Le sodurètre : activité peu pratiquée qui présente tout de même de nombreux risques

Le terme sodurètre se construit à partir des deux mots qui sont les suivants: sodomie et urètre.

Univers tant divers que varié, le BDSM comporte des pratiques sexuelles parfois peu connues. L'une d'entre elles, le sodurètre, consiste à insérer dans l'urètre des ustensiles composites comme un godemichet, un crayon ou bien d'autres appareillages à forme phallique en vente dans les sex shops ou sur les sites internet à caractère érotique. Ce terme se construit à partir des deux mots qui sont les suivants: sodomie et urètre. Respectivement, le premier mot se réfère à la jouissance anale tandis que le second renvoi au dispositif organique qui évacue l'urine hors de la vessie. Il s'agit donc d'une pratique sexuelle de sodomie castratrice pratiquée sur l'organe reproducteur de l'homme ou de la femme. Construite sur une logique de fantasme voire de mythologie, cette activité est peu pratiquée car elle présente tout de même de nombreux risques. Ainsi, il n'est pas inhabituel de rencontrer des cas graves d'infection urinaire ou de déchirement de l'urètre lorsqu'est consommé une telle pratique. En ce sens, les mésaventures surviennent chez les libertins coutumiers de vouloir faire passer des objets toujours plus massifs. Les instructions primordiales pour ce type d'expérience semblent être de laver et stériliser les objets utilisés, de ne pas vouloir aller trop vite et d'éviter la transmission des bactéries en s'assurant d'une hygiène irréprochable, notamment en ce qui concerne les mains. Aussi, il est capital de prendre garde de la dimension de l'élément pénétrant pour éviter tout risque de déchirement. Surtout, les maîtresses escortes infligeant cette pratique doivent observer une grande circonspection et une minutieuse préparation.
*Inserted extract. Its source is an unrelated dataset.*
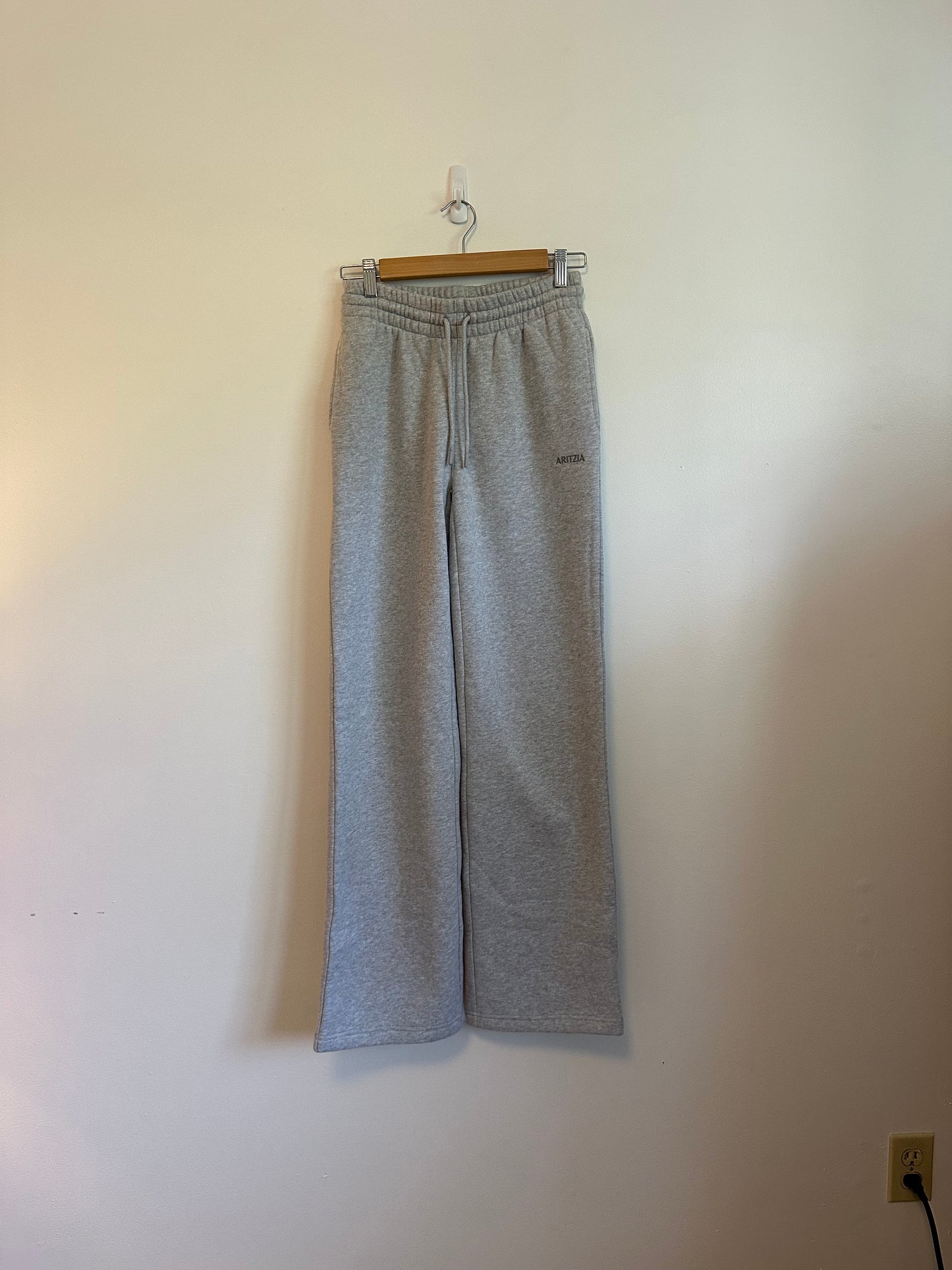NWT Aritzia Sweatfleece Boyfriend Wide Sweatpant in Gray | Size 2XS Tall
Il est alors essentiel de considérer l'art de se faire du mal pour se faire du bien comme une pratique singulière. Bien évidemment, il ne s'agit pas là d'un coït classique comportant des préliminaires et un scénario traditionnel. Les ustensiles, ou plus précisément les accessoires convenus pour pratiquer dans les règles de l'art, sont généralement le classique tout petit godemiché, adapté à la forme de l'urètre, ainsi que l'oeuf (ove) vibrant famille des sextoys masturbateurs.. tout petit lui aussi bien entendu. Il peut être aussi utilisé un écarteur conique pour un accroissement progressif et maîtrisé. Aussi, d'autres pratiques de sodurètre peuvent être rencontrées dans l'univers sadomasochiste, pour peu quelles remplissent les conditions nécessaires pour ce type d'amusement sybarite. Il peut donc être sujet de l'insertion de doigt ou même d'autres sexes, permettant un échange de fluide plus charnel. Le sodurètre se perpètre habituellement entre deux partenaires sexuels et doit s'exercer dans la délicatesse pour ne pas anéantir le plaisir censément ressenti. La finesse investie dans la pénétration est déterminante pour ne pas occasionner des gênes, des douleurs voire des lésions incurables.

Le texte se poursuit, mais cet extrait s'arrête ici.